Ingredients
| 3 spray(s) cooking spray | |
| 1 pound(s) cremini mushroom(s), coarsely chopped | |
| 1/2 tsp table salt | |
| 1/4 tsp black pepper | |
| 1 tsp salted butter | |
| 2 medium uncooked leek(s), chopped, white and light green sections only | |
| 1 tsp minced garlic | |
| 1 tsp rosemary, fresh, minced | |
| 15 oz canned condensed cream of potato soup | |
| 2 cup(s) low-fat milk | |
| 1/3 cup(s) fat-free, plain Greek yogurt | |
| 1/2 tsp Dijon Mustard | |
| 1/2 tsp fresh lemon juice | |
| 1 Tbsp chives, fresh, snipped |
Instructions
- Preheat oven to 450°F. Coat a large cookie sheet with cooking spray.
- Spread mushrooms on prepared cookie sheet; lightly coat with cooking spray and sprinkle with salt and pepper. Place in lower 1/3 of oven and roast for 25 minutes, stirring once during cooking.
- Meanwhile, heat butter in a large nonstick pot over medium-low heat.
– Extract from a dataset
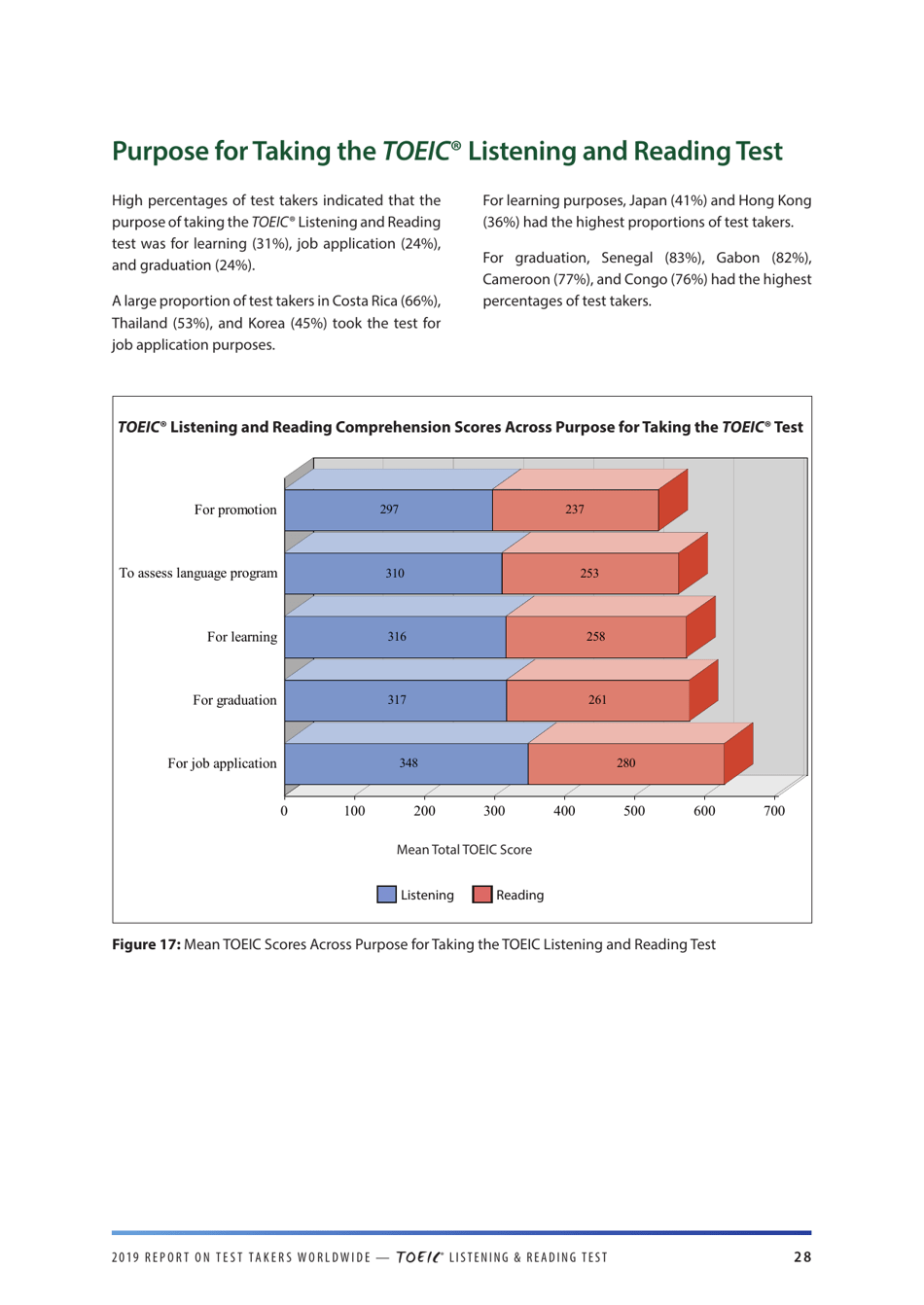 Report on Test Takers Worldwide: the Toeic Listening and Reading Test, Page 29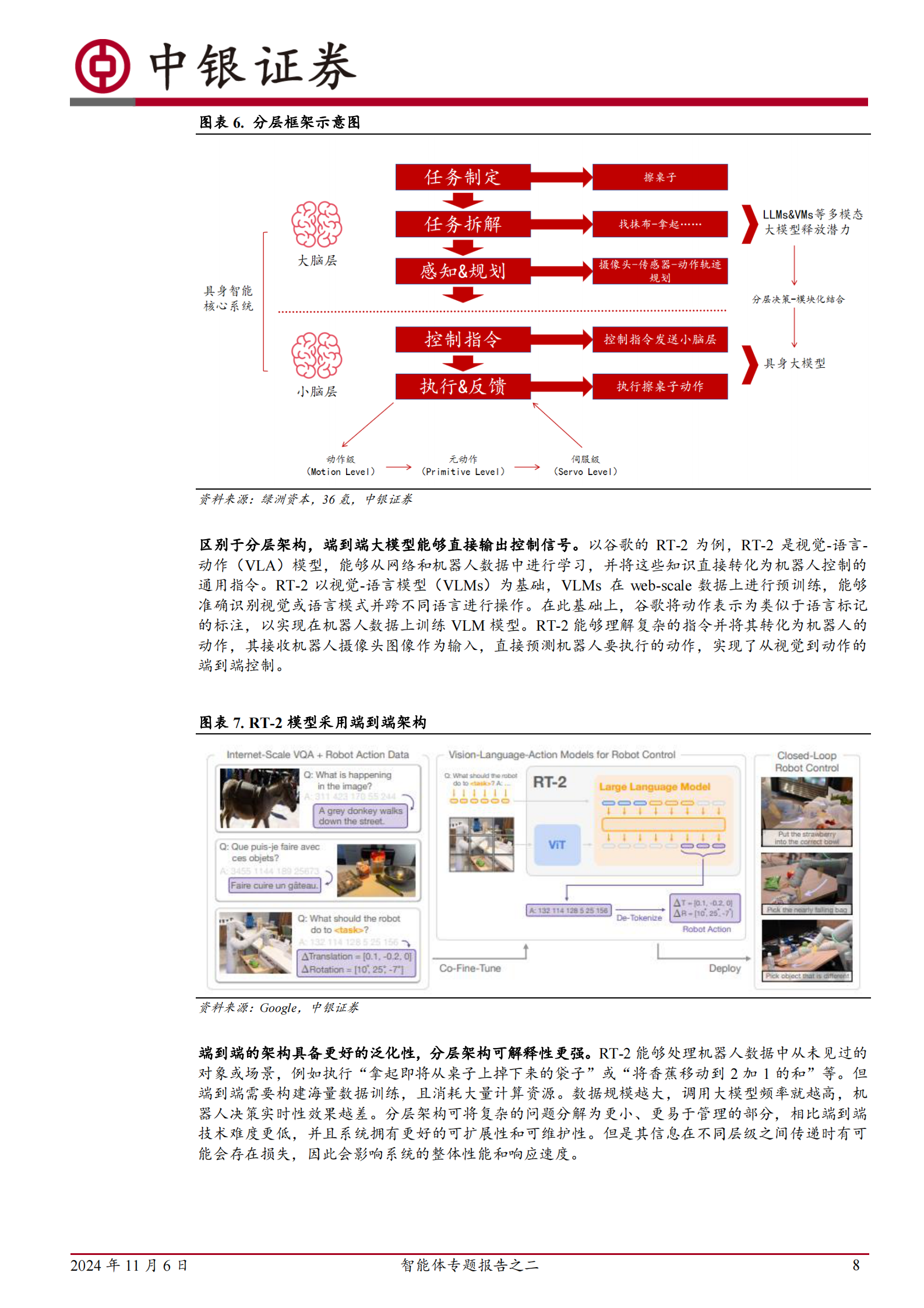 中银证券：智能体专题报告之二：智能体时代来临，具身智能有望成为最佳载体 第8页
Add leeks and saute, stirring often, until extremely soft, about 15 minutes. Add garlic and rosemary; heat, stirring frequently, 1 minute.
- Add soup, milk, mushrooms (reserve a few for garnish), yogurt, mustard and lemon juice to pot; carefully puree soup in pot using an immersion blender. (If you don’t have an immersion blender, transfer soup to a blender; puree in batches and then return to pot). Increase heat to medium-high and bring to a boil; stir in chives and heat through. Adjust seasonings if necessary before serving. Garnish with additional chives and reserved mushrooms, if desired. Yields about 1 1/4 cups per serving.